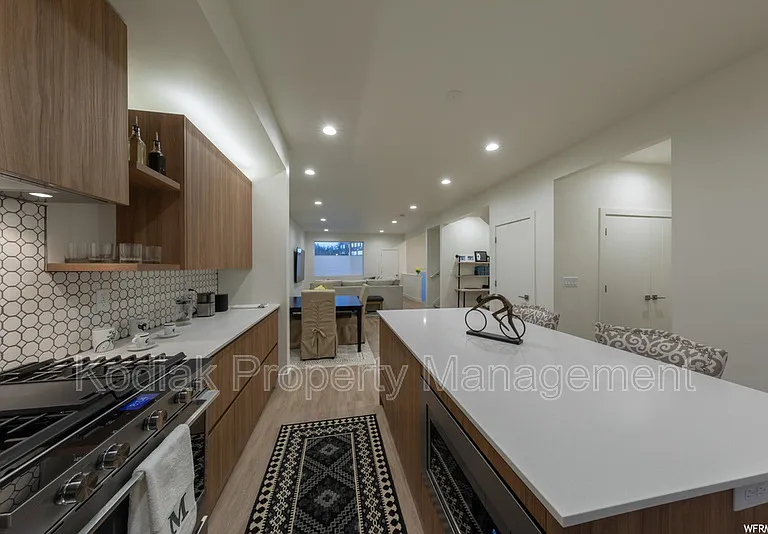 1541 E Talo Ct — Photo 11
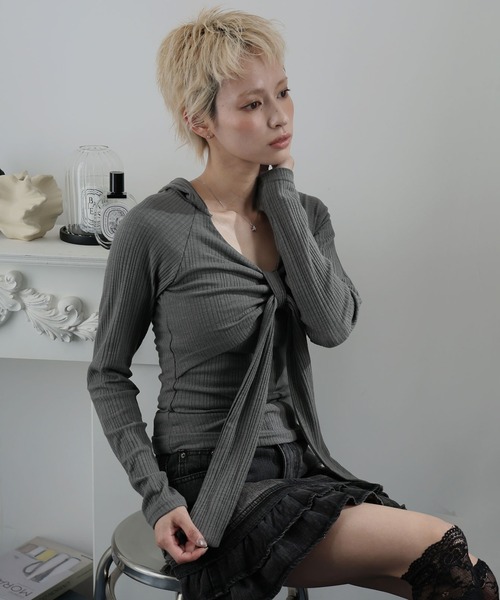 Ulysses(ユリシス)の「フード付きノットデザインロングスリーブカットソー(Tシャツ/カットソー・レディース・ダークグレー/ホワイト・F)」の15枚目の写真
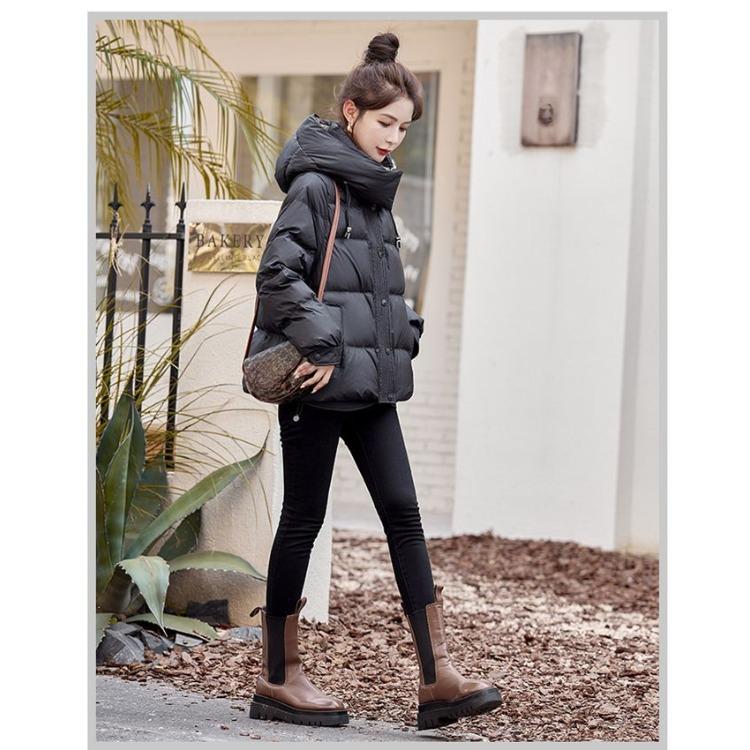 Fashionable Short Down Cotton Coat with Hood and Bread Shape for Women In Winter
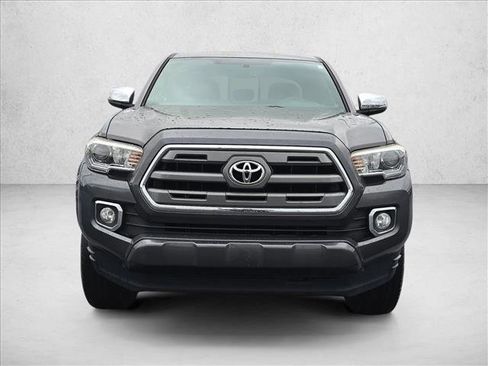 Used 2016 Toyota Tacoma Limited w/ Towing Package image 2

__Work to complete__: The data above should be restated exactly, with its images dropped.

__Task result__:
 1541 E Talo Ct — Photo 11
 Ulysses(ユリシス)の「フード付きノットデザインロングスリーブカットソー(Tシャツ/カットソー・レディース・ダークグレー/ホワイト・F)」の15枚目の写真
 Fashionable Short Down Cotton Coat with Hood and Bread Shape for Women In Winter
 Used 2016 Toyota Tacoma Limited w/ Towing Package image 2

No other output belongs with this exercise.